印刷Q&A 印刷スピード | 1級技能士・成田の印刷技術

1級技能士・成田の印刷技術

1級技能士・成田が、オフセット印刷技術を解説します~。

●質問

先日、「生産量をマネージメントする」と言う話が有りましたが、
成田先生のおっしゃるような生産量を刷り上げる事は、当社では
出来ておりません。私は生産管理の部署におりますので、実際の
作業に関しては、理解しかねる事も多々有りますが、どのような
状況で、計算通りの生産が出来なく成っているのでしょうか。
何か事例が有りましたら、ご紹介頂けると幸いです。

●回答

あるマンガの話なんですが(頭文字ナンチャラ)、その中に登場する
ベテランの走り屋さんが「盤石のコントロール」って話をするんですよ。
どんな状況に於いても、決して破綻しない。アクシデントを全て想定して、
決して動揺せず、盤石のコントロールを行うって話です。

技術屋の神髄って、ここに有るような気がします。あらゆる事を全て想定済み
にしてしまって、想定の範囲内だから、全ての事を確実にコントロールし切る。
って感じですわ~。

実は先日、私が立会いをしなければ成らない印刷物が有りまして。何の事はない、
墨の1色刷りを、450枚刷るだけのことなんですが・・・。とりあえず、朝一から
刷ると言うことなので、9時前に工場に入ったワケですわ。

30分くらいで済むと思っていたら、これが、とんでもない事に成りました~。
まず、刷り出してみたら、前回見本に対して、ぜんぜん濃度が足らないんです。
いくらインキを盛ってみても、濃く成って来てくれない。

これじゃ、濃度不足だから、もっとインキを盛ってね。と言う注文に対して、
試し刷りを繰り返しているのですが、この試し刷りが、これまた、紙が出ない。
バタバタと止まってばかりなので、試し刷りが全く進行して行かない。

そんなさぁ、ベタベタのヤレ紙を使うのは止めようよ。
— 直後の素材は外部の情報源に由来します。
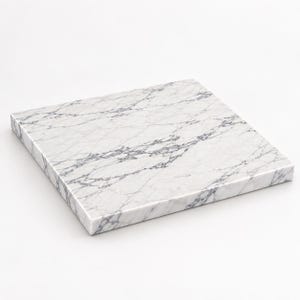 May include: A square slab of white marble featuring prominent grey veining throughout the surface. The stone board has a smooth, polished finish and straight, clean edges, presenting a uniform thickness across its entire flat, rectangular form.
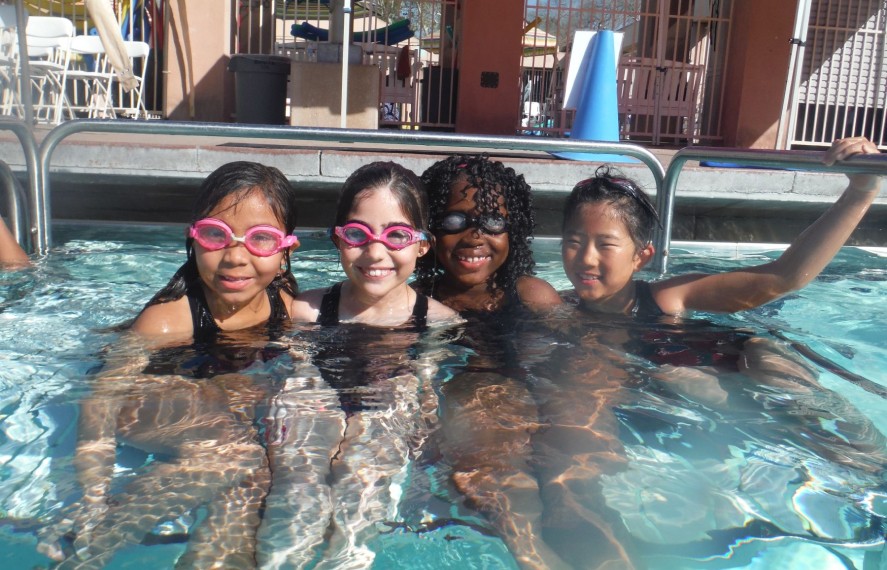 Four young girls posing for a photo in the pool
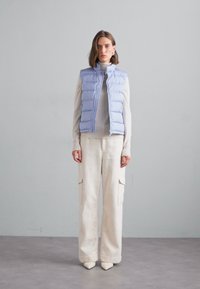 Hellblauer Steppweste über einem cremefarbenen Pullover und strukturierten weißen, weit geschnittenen Hosen mit seitlichen Taschen. Als Schuhe werden spitze beige Schuhe getragen.
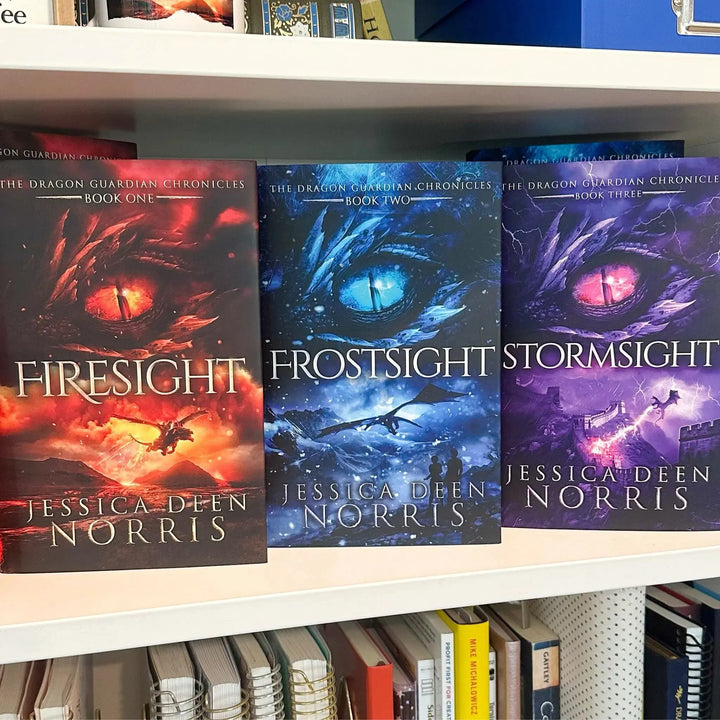 Three hardcover books from The Dragon Guardian Chronicles series by Jessica Deen Norris are displayed on a white bookshelf. The books are &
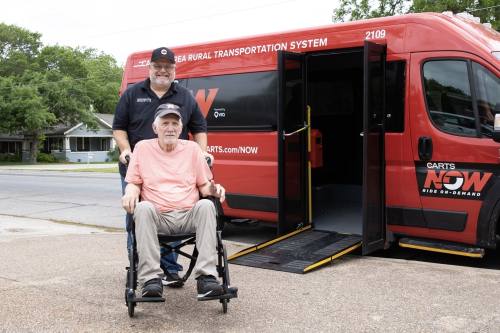 a bus driver pushes a man in a wheelchair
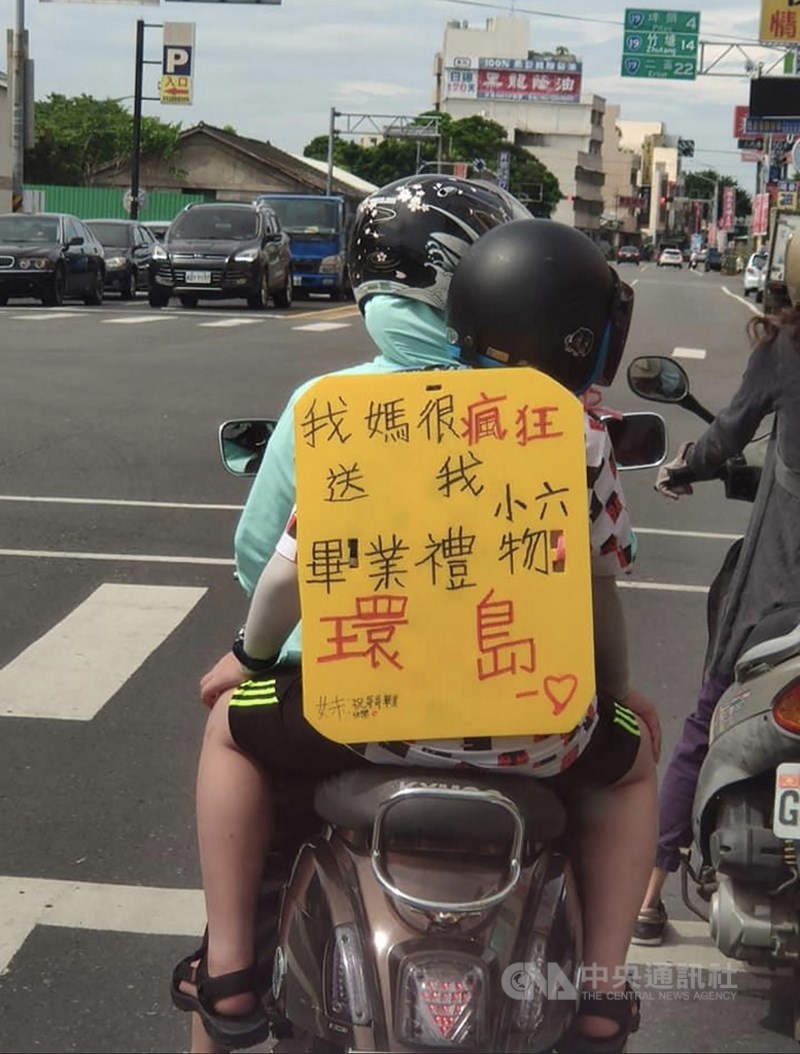 文史工作者蔣敏全在社群網站發文表示,他開車行經彰化溪湖鎮停等紅綠燈時,看到有一輛摩托車,媽媽載著孩子,孩子身上背著黃色字牌,寫著:「我媽很瘋狂送我小六畢業禮物(環島)」。(翻攝照片)中央社記者吳哲豪傳真 109年7月8日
どんなに調整したって、
そんな紙、なかなか出ないと思うよ。予備紙はシッカリ入ってるから、本紙のみ
で試し刷りしてよ~。

・・・しかし、いくらインキを盛っても、やはり濃度が上がらない。これってさぁ、
ブランケットがダメなんじゃない?何か無理して圧を掛けて刷ったりしてない?
そう言えば、昨日、かなり無理して刷った物が有りました。

んじゃ、ブランケット、新品と替えようよ。・・・てなワケで、時間がどんどん
過ぎて行き、たった450枚の1色刷りを刷り終えたのが、11時でしたわ~。

これってね、紙も、印刷機も、資材も、全くコントロール出来てませんよね。
症状が起こったから、それに対して、迷いながら対応してるってだけですわ。
こう言うのって、オペレーションとは言わないですね。つまり、これでは、
オペレータとしての仕事をしていないって事なんですよ。

あらゆる事を想定して、全てを準備(コントロール)しておくこと。
破綻は全て想定内。こうなったら、こうする。と言う、盤石なコントロールが、
淀みのない、スムーズな生産性を生んで行くんですね。

トラブルを先読みして、トラブルに成ってしまう前の段階でコントロールする。
オペレーションと言うのは、そう言う事だと思いませんか。